É necessário que os três irmãos passem seu tempo juntos porque nunca se sabe quando o tigre surgirá e os levará. E é sintomático que aquele trem que os carregava nesta viagem de encontro espiritual os deixe exatamente no meio de um deserto onde encontrarão um rio em que três crianças sofrerão um acidente e uma delas se aforará. Sua viagem não poderia ser feita por completo dentro do conforto do trem, ela devia encontrar seus percalços, muito maiores do que o roubo de um dos sapatos dos irmãos numa feira. É necessário este novo embate com a morte, desta vez vendo-a de perto, para que possam compreender suas vidas e a relações que devem manter. Porque não devem se distanciar dos outros. A morte é algo natural que está em todos os lugares, e para que quando ela venha não fique o gosto amargo do ressentimento como ficou com a morte de seu pai, os três irmãos terão que se unir e permanecer juntos, dando suporte um ao outro, mesmo que fisicamente distantes. E com isto Wes Anderson fez aquele que talvez venha a ser o filme mais adulto de sua carreira, porque fala nele das perdas que o tempo nos impõe.

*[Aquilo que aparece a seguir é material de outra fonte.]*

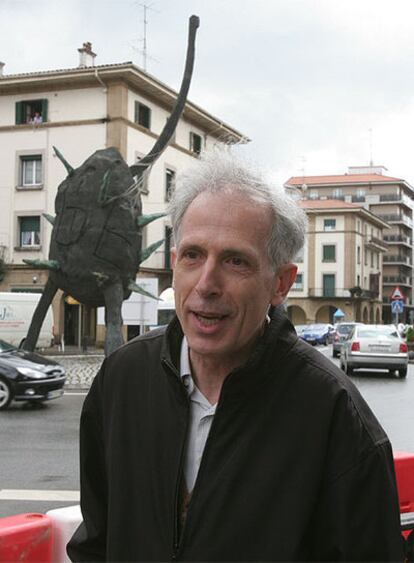 El escultor Andrés Nagel posa ante su obra en Amorebieta.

quarta-feira, 26 de março de 2014

A Vida Marinha com Steve Zissou de Wes Anderson (the life aquatic with Steve Zissou, 2004)


direção: Wes Anderson;
roteiro: Wes Anderson, Noah Baumbach;
direção de fotografia: Robert Yeoman;
estrelando: Bill Murray, Owen Wilson, Cate Blanchett, Anjelica Huston.

Há alguns meses atrás, depois de ter visto "Moonrise Kingdom" pela primeira vez, foi que tive vontade de visualizar a filmografia de Wes Anderson, cineasta de quem muito já ouvi falar, mas de cuja obra pouco conhecimento tenho. Já vi três de seus filmes ("Moonrise Kingdom", "Os Excêntricos Tenenbaums" e este que comento aqui), mas ainda não me sentia à vontade para comentar nenhum deles. Eis que aqui está o primeiro comentário acerca de um filme de um cineasta tão peculiar se levarmos em conta o ambiente do qual ele provém.

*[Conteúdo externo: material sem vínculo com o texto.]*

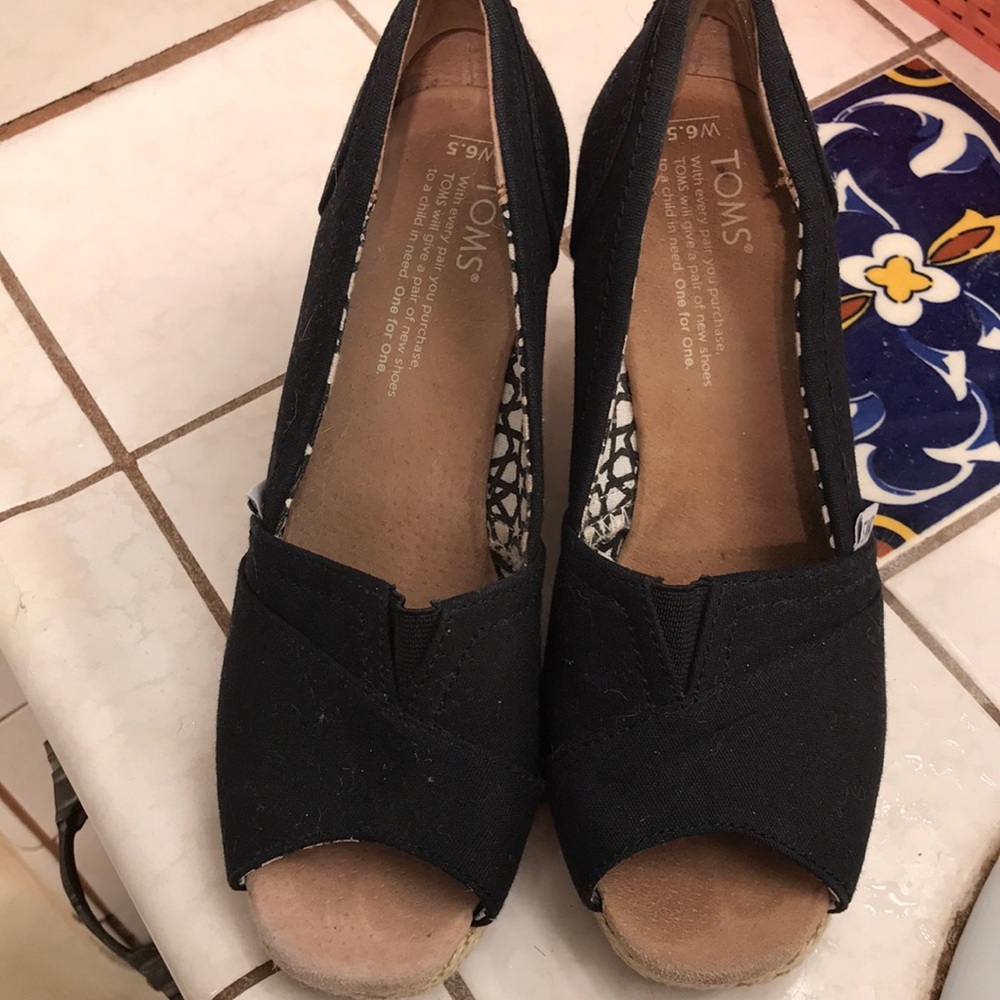 Black TOMS Espadrilles 6.5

Sem dúvida existe uma marca no cinema de Wes Anderson. Uma marca que faz dele adorado por muitos e repelido por tantos outros. Devo admitir aqui também, que não me tornei seu admirador a partir da visualização do primeiro filme seu com o qual me deparei - aprendi a gostar de sua obra. Mas vamos ao que interessa, e aqui o que interessa é "A Vida Marinha com Steve Zissou". Esta marca presente em toda a filmografia de Anderson também se apresenta nesta película. No filme, Steve Zissou é um oceanógrafo-cineasta que vive de filmar suas aventuras pelos mares de todo o mundo.

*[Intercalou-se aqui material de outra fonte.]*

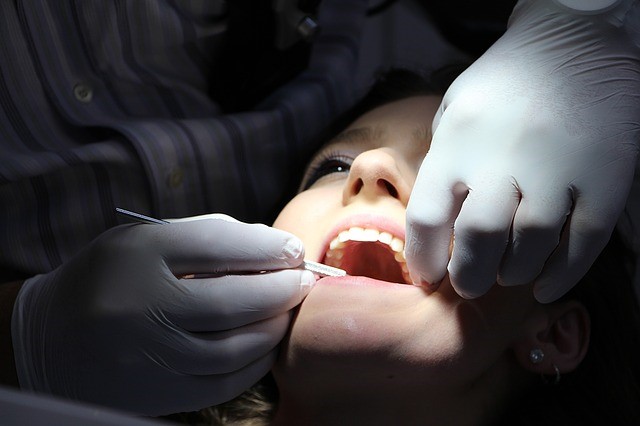 implantes-dentales-economicos-en-madrid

Esta história é uma deixa para que o mundo de fantasia de um homem adulto possa ser apresentada na tela. "A Vida Marinha com Steve Zissou" se apresenta como se fosse uma obra de reminiscências, as reminiscências de um adulto de seus sonhos quando criança. Os sonhos de uma criança cinéfila quando assistia os documentários de Jacques-Yves Costeau e se imaginava vivendo aquelas aventuras. São estas aventuras imaginadas que se apresentam frente à câmera de Anderson. O sonho da criança que somente pode ser posto em um mundo "real" depois que esta criança já cresceu. E mesmo sendo um adulto sonhando como criança, o filme consegue passar o seu desejo aventureiro para o espectador com sucesso.

Assistir este filme é como retornar para a infância, enfrentar piratas armados e não levar nenhum tiro ao confrontá-los sozinho (eles são mais de vinte), bancar o herói quando seus amigos estão todos em perigo e sozinho resolver todos os problemas. Steve Zissou é esta encarnação do herói que toda criança queria ser - o homem que, mesmo já entrando na terceira idade, vive de aventuras. Ele é um herói sem superpoderes e sem grandes equipamentos para ajudá-lo a enfrentar seus problemas, mas que ainda assim é um herói.

Wes Anderson consegue criar esta ambiente imaginário infantil, e sem necessidade de fazer cenários reais para tal empreitada. Trata-se de uma grande brincadeira. Por isso os peixes são inventados e o cachorro que aparece no filme tem três patas. Steve Zissou brinca de fazer filmes como uma criança brinca de ser herói - um herói igual aquele que ele viu num filme e que quer imitar. É neste mundo paralelo, distante do mundo dos adultos, em que "A Vida Marinha com Steve Zissou" se apresenta. Tudo é muito exagerado, caricato, como um sonho infantil.